■ WHAT IS NEEDED
Taking the listing below, restate word for word each line from the line with "姚明助力篮球运动在特殊教育中的推广与应用探索 姚明助力篮" to the line with "George Weiss : Architect", ends included, and stop there.

■ TASK INPUT

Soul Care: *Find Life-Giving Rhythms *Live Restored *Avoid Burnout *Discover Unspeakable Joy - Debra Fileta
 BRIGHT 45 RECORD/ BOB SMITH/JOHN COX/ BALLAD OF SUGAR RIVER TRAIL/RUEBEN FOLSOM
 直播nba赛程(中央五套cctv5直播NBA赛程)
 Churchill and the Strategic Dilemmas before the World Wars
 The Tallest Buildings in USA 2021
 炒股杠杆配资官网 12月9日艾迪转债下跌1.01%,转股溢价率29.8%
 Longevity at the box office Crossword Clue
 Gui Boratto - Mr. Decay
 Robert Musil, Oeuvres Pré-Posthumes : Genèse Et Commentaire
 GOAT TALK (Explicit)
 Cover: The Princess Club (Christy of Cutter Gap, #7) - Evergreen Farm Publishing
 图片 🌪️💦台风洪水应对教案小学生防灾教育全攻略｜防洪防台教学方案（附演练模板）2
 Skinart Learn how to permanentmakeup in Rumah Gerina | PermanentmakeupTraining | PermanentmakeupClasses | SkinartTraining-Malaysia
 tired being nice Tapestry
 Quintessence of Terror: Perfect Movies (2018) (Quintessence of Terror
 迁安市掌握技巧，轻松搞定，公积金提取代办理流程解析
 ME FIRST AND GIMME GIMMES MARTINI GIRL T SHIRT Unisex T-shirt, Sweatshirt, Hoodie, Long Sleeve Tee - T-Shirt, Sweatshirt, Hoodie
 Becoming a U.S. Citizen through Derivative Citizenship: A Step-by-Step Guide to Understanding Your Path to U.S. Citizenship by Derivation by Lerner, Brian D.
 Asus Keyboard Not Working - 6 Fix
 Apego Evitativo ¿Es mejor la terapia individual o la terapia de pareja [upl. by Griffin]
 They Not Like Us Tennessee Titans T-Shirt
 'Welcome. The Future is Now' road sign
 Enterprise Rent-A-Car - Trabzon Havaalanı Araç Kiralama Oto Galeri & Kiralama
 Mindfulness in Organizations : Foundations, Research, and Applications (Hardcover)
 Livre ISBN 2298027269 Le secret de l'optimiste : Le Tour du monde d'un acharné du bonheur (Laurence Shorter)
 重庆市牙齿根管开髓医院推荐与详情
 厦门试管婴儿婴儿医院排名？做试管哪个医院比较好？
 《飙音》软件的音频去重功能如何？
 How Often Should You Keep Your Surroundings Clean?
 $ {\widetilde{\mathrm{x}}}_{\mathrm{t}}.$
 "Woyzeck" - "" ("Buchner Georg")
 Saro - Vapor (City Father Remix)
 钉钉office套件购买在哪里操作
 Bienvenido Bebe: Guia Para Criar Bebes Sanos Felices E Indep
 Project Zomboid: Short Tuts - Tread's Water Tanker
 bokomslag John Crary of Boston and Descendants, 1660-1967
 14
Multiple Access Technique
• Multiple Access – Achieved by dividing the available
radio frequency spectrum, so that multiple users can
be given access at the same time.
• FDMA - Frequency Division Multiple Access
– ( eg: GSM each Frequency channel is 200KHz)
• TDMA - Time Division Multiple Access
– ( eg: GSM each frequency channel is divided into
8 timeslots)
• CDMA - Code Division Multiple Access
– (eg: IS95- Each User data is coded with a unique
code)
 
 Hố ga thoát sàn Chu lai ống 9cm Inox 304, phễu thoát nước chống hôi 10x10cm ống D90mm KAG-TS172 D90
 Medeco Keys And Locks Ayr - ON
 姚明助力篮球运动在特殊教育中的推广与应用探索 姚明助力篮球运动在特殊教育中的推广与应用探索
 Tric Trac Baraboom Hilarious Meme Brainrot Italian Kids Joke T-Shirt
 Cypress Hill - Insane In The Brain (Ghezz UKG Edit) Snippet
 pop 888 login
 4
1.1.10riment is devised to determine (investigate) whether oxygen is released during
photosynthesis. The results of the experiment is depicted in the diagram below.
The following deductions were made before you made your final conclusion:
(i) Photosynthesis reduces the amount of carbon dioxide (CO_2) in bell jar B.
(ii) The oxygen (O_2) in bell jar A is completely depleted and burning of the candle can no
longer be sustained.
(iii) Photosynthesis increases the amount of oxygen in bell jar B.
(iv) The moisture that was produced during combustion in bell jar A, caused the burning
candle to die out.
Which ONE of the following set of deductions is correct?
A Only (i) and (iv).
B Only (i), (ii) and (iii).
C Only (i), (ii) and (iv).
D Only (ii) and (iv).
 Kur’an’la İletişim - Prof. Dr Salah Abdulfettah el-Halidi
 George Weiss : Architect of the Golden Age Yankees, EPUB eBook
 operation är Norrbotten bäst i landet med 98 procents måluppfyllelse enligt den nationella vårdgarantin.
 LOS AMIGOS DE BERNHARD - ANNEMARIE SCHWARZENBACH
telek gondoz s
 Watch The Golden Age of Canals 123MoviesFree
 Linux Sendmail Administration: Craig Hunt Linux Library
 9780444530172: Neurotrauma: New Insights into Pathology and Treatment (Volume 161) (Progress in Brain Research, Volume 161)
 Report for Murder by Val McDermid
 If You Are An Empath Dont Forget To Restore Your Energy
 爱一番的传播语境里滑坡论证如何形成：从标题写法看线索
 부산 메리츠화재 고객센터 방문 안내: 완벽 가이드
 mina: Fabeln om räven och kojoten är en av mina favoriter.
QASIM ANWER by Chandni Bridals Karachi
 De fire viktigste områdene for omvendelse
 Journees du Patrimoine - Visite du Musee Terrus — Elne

■ SOLUTION TO THE PROBLEM
 姚明助力篮球运动在特殊教育中的推广与应用探索 姚明助力篮球运动在特殊教育中的推广与应用探索
 Tric Trac Baraboom Hilarious Meme Brainrot Italian Kids Joke T-Shirt
 Cypress Hill - Insane In The Brain (Ghezz UKG Edit) Snippet
 pop 888 login
 4
1.1.10riment is devised to determine (investigate) whether oxygen is released during
photosynthesis. The results of the experiment is depicted in the diagram below.
The following deductions were made before you made your final conclusion:
(i) Photosynthesis reduces the amount of carbon dioxide (CO_2) in bell jar B.
(ii) The oxygen (O_2) in bell jar A is completely depleted and burning of the candle can no
longer be sustained.
(iii) Photosynthesis increases the amount of oxygen in bell jar B.
(iv) The moisture that was produced during combustion in bell jar A, caused the burning
candle to die out.
Which ONE of the following set of deductions is correct?
A Only (i) and (iv).
B Only (i), (ii) and (iii).
C Only (i), (ii) and (iv).
D Only (ii) and (iv).
 Kur’an’la İletişim - Prof. Dr Salah Abdulfettah el-Halidi
 George Weiss : Architect of the Golden Age Yankees, EPUB eBook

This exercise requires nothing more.